The essence of evaluation research is to answer the question: How do the outcomes of the participants in the intervention compare with the outcomes they would have experienced had they not participated? For this evaluation, the focus is on how the LTC RAP training affects workers and employers compared to the standard training that direct care workers normally receive.
A key issue, then, is how to identify a comparison group that is similar to apprentices in the LTC RAP. In the case of random assignment, the control group is very likely to yield reliable estimates of what would have happened in the absence of the intervention (also known as the counterfactual) because the assignments to treatment and control groups are random. However, for other types of evaluations, a potential threat to the validity of the findings is that the comparison group and the LTC RAP group differ in terms of characteristics that affect the outcomes of interest but are not related to the operation of the intervention. This could well be the case if apprentices are more motivated and ambitious than people who are not in the LTC RAP. Similarly, employers that voluntarily participate in the LTC RAP are likely to have an organizational culture that places a higher priority on the importance of training direct care workers than employers that do not participate in the program.

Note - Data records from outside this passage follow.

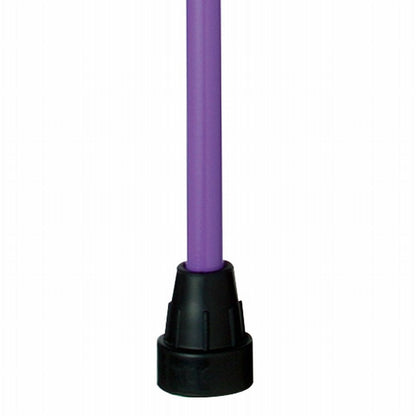 German Adjustable Cane OS-3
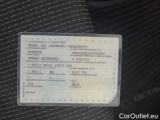  Skoda  Octavia  Combi (NX3)(2020) Oct.Combi 2.0TDI 85 Ambition #20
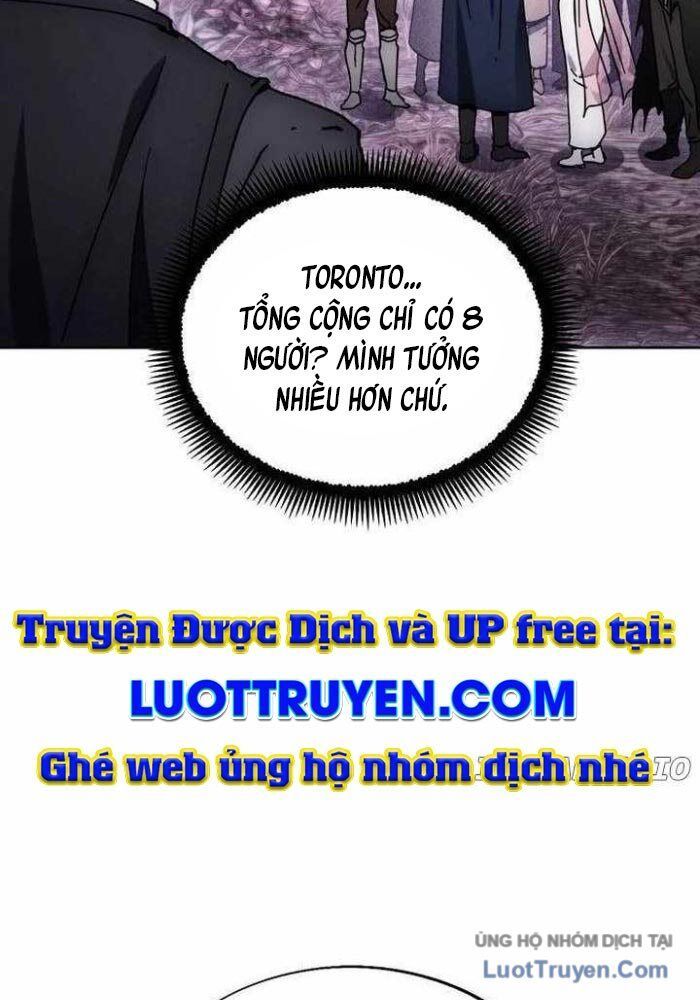 Tao Là Ác Nhân Chapter 177 - Trang 2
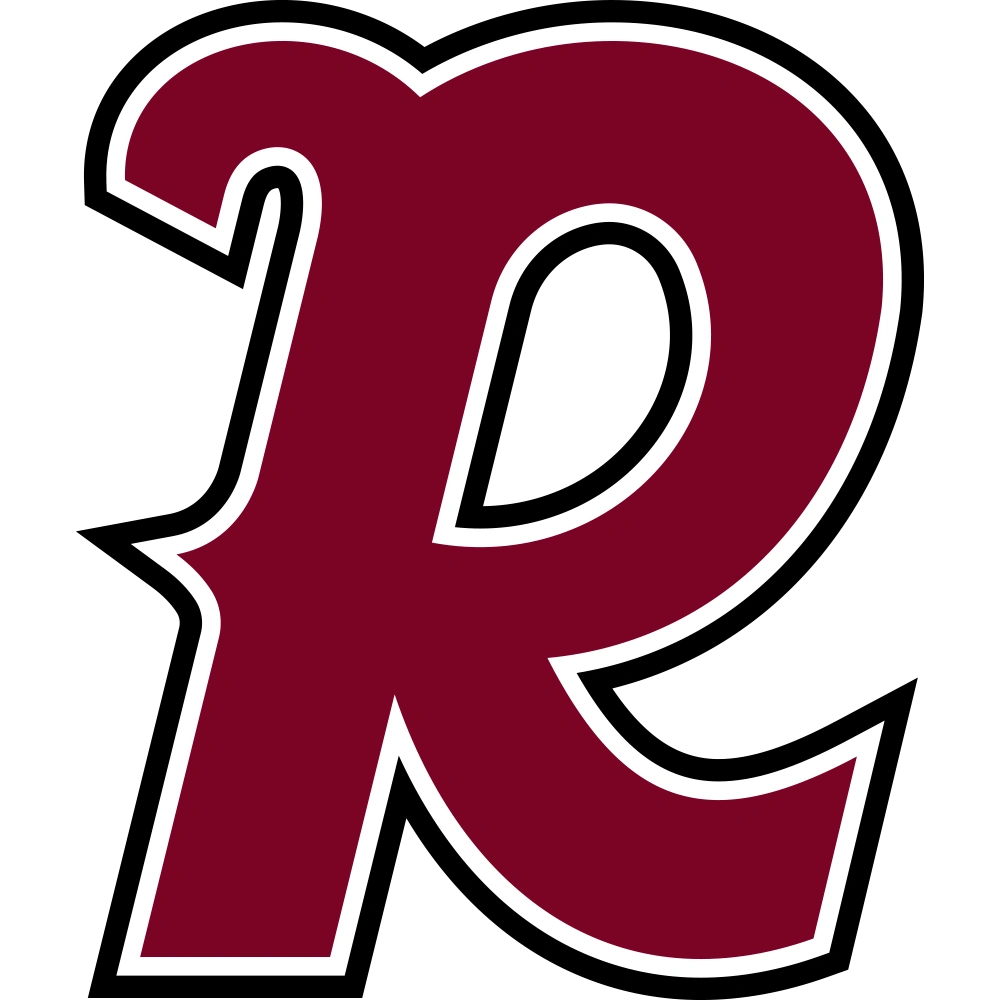 Red Lake Falls Rebels Minnesota Amateur Hockey League Wiki Fandom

An additional complication in choosing comparison groups is that the effect of the LTC RAP is likely to vary over time; that is, the effect of the program on an apprentice is likely to be greater towards the end of the training program than it is at the very beginning. Thus, ideally, the comparison group would start with people at the beginning of their employment at the provider and follow them over time. However, collecting data on a flow basis is more difficult and expensive than data collected from people all starting at the same time because data need to be collected whenever a new person starts work, which could be over a long period of time.
Some possible comparison groups are:
Randomized treatment and control groups. The classic solution to the problem of selection bias is randomization between the treatment and control groups. However, randomization is more difficult to implement in ongoing programs because employers may be reluctant to randomly assign workers to an apprenticeship if they do not think they are capable of benefiting from it. Similarly, they may be unwilling not to assign workers to the treatment group if they think the workers could benefit the organization by receiving the apprenticeship training. In addition, employers may not be willing to be part of a control group if their motivation in participating in the study is to improve their training programs.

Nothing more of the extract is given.